**PROBLEM:** Range to repeat from the listing below: the line containing "map of Iowa" down to the line containing "V-Coool 多功能时尚双肩妈咪包大容量母婴包背包妈咪用品 10ML高端休闲双肩妈咪包", both included. Copy it exactly, pictures excluded, and add nothing else.

**RECORDS SUPPLIED:**
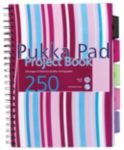 Pukka Pad Project Book Stripes A4 Ruled Spiral Bound Pp (Polypropylene) Hardback Assorted Perforated 250 Pages Pack Of 3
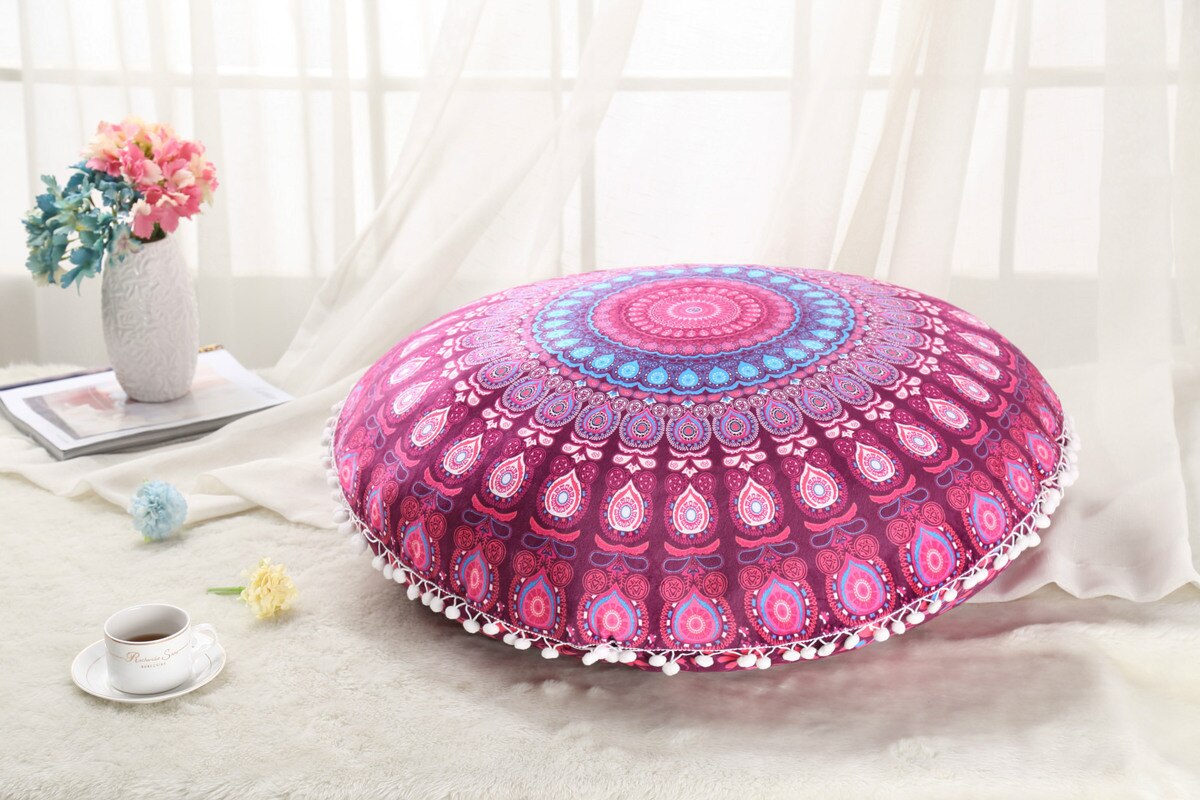 Colorful Mandala Floor Pillows Ottoman Round Bohemian Meditation Cushion Pillow Pouf48
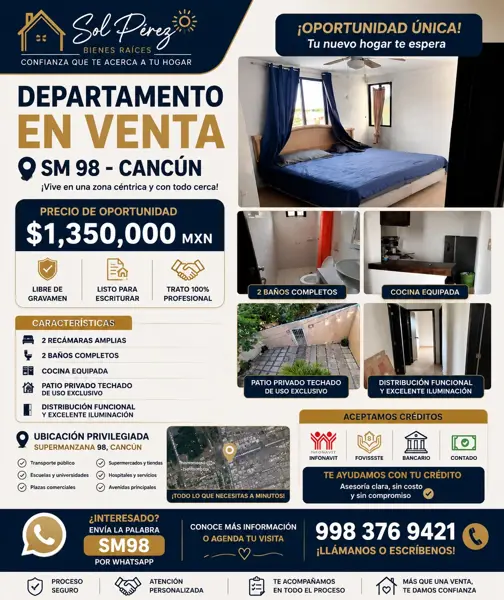 Departamento en Venta en Sm 98, Cancún | 2 Recámaras, 2 Baños | $1,350,000 Mxn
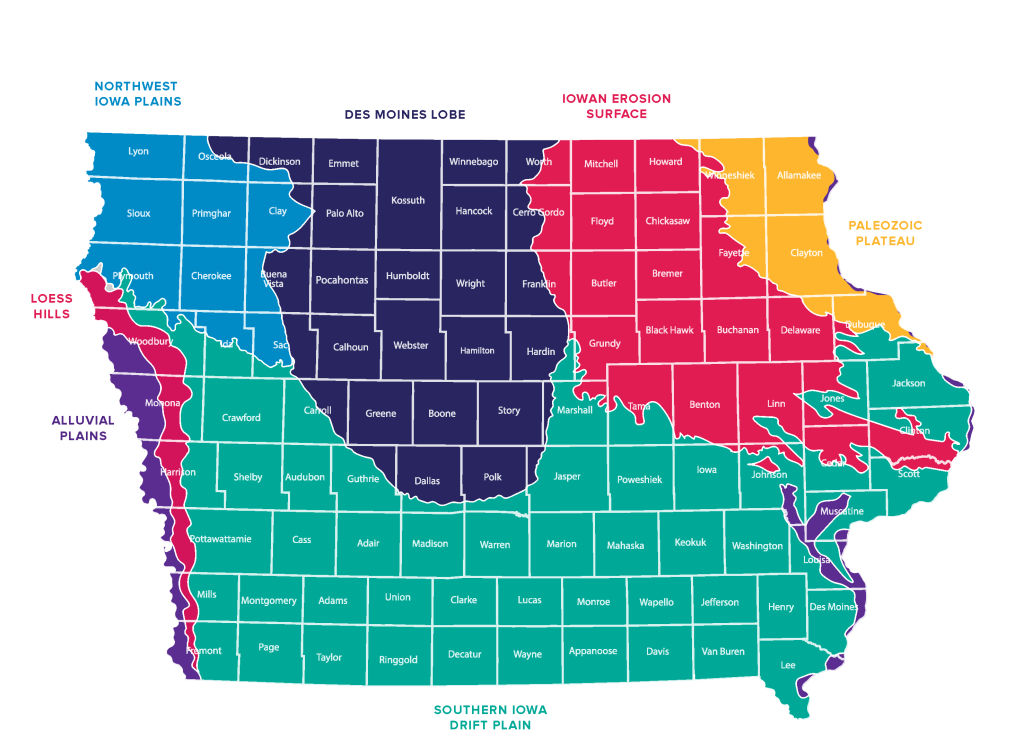 map of Iowa showing natural geologic landforms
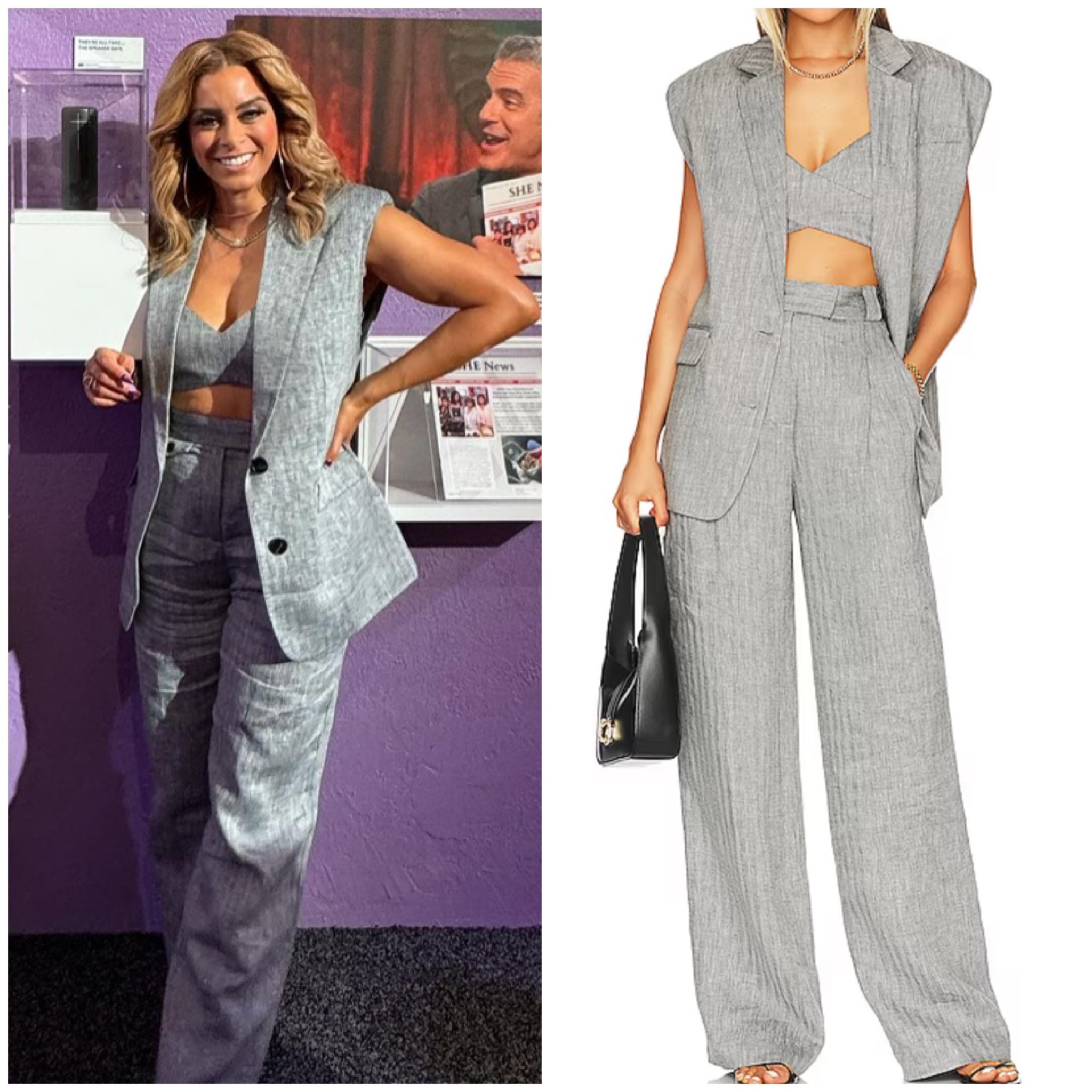 Robyn Dixon’s Grey Vest, Pants and Bralette at Bravocon 📸 = @robyndixon10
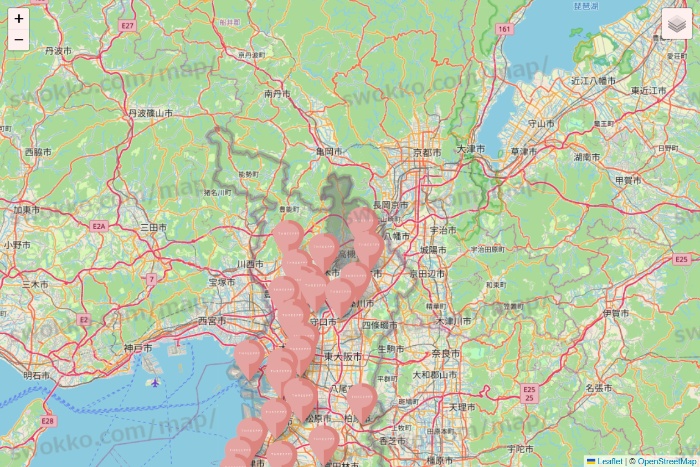 大阪府のTHREEPPY・CouCouの店舗地図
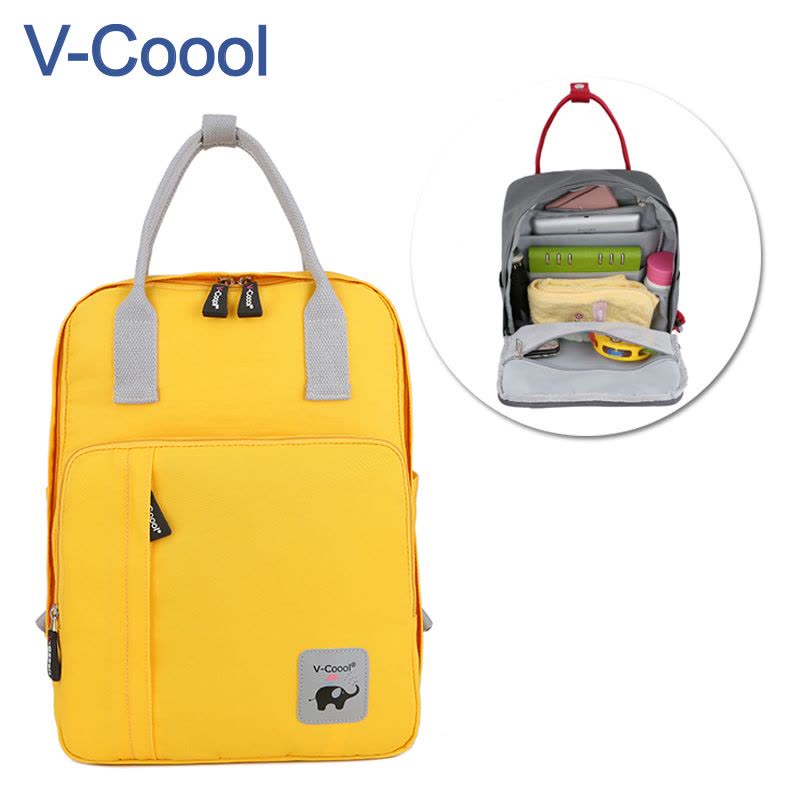 V-Coool 多功能时尚双肩妈咪包大容量母婴包背包妈咪用品 10ML高端休闲双肩妈咪包 姜黄 11-338114图片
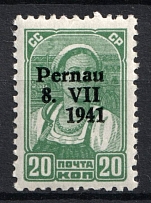 1941 20k Parnu Pernau, German Occupation of Estonia, Germany (Mi. 8 I, CV $100)
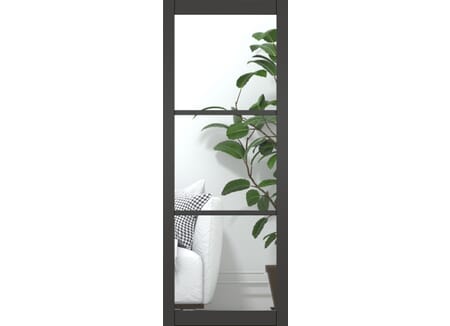 Heritage Slim Profile Black Clear Glazed Internal Doors
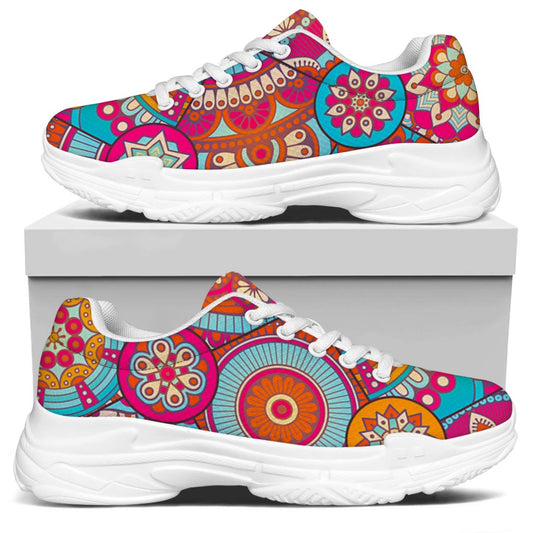 Retro Bohemian Mandala Pattern Print White Chunky Shoes
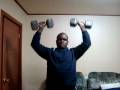 Shoulder Exercise - Standing Dumbbell Shoulder Press 25 Reps 2 40lb Dumbbells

**EXERCISE SOLUTION:**
 map of Iowa showing natural geologic landforms
 Robyn Dixon’s Grey Vest, Pants and Bralette at Bravocon 📸 = @robyndixon10
 大阪府のTHREEPPY・CouCouの店舗地図
 V-Coool 多功能时尚双肩妈咪包大容量母婴包背包妈咪用品 10ML高端休闲双肩妈咪包 姜黄 11-338114图片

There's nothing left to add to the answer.